Color Color

Color Color

Rate This
  • Comments 24

Pop quiz: What does the following code do when compiled and run?

class C
{
    public static void M(string x)
    {
        System.Console.WriteLine("static M(string)");
    }
    public void M(object s)
    {
        System.Console.WriteLine("M(object)");
    }
}
class Program
{
    static void Main()
    {
        C c = new C();
        c.M("hello");
    }
}

(1) writes static M(string)
(2) writes M(object)
(3) uh, dude, this code doesn’t even compile much less run
(4) something else

Think about that for a bit and then try it and see if you were right.

.

.

.

.

.

.

.

In option (1), the compiler could decide that the best match is the static one and let you call it through the instance, ignoring the instance value. In option (2), the compiler could decide that the object version is the best match and ignore the static one, even though the argument match is better. But neither of those actually happens; the rules of C# say that the compiler should pick the best match based on the arguments, and then disallow static calls that are through an instance! The actual result here is therefore (3):

error CS0176: Member 'C.M(string)' cannot be accessed with an instance reference; qualify it with a type name instead

What is up with this craziness?
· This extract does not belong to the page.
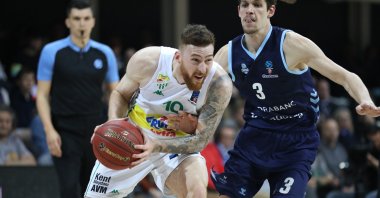 Bursaspor's Onuralp Bitim vies with MoraBanc Andorra's Oriol Pauli in a EuroCup match in Andorra, April 3, 2022. (IHA Photo)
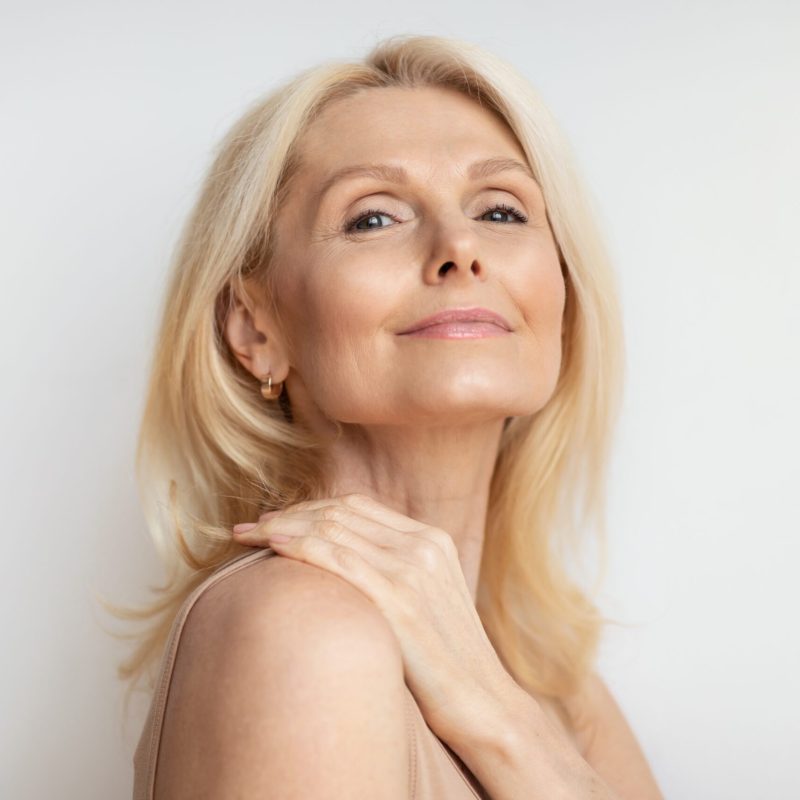 Portrait,Of,Attractive,Senior,Woman,With,Bare,Shoulders,And,Perfect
If you believe that the rule “static methods should never be accessed through instances” is a good rule – and it seems reasonable – then why doesn’t overload resolution remove the static methods from the candidate set when called through an instance? Why does it even allow the “string” version to be an applicable candidate in the first place, if the compiler knows that it can never possibly work?

I agree that this seems really goofy at first.

To explain why this is not quite as dumb as it seems, consider the following variation on the problem. Class C stays the same.

class B
{
  public C C = new C();
  public void N()
  {
      C.M("hello");
  }
}

What does a call to N on an instance of B do?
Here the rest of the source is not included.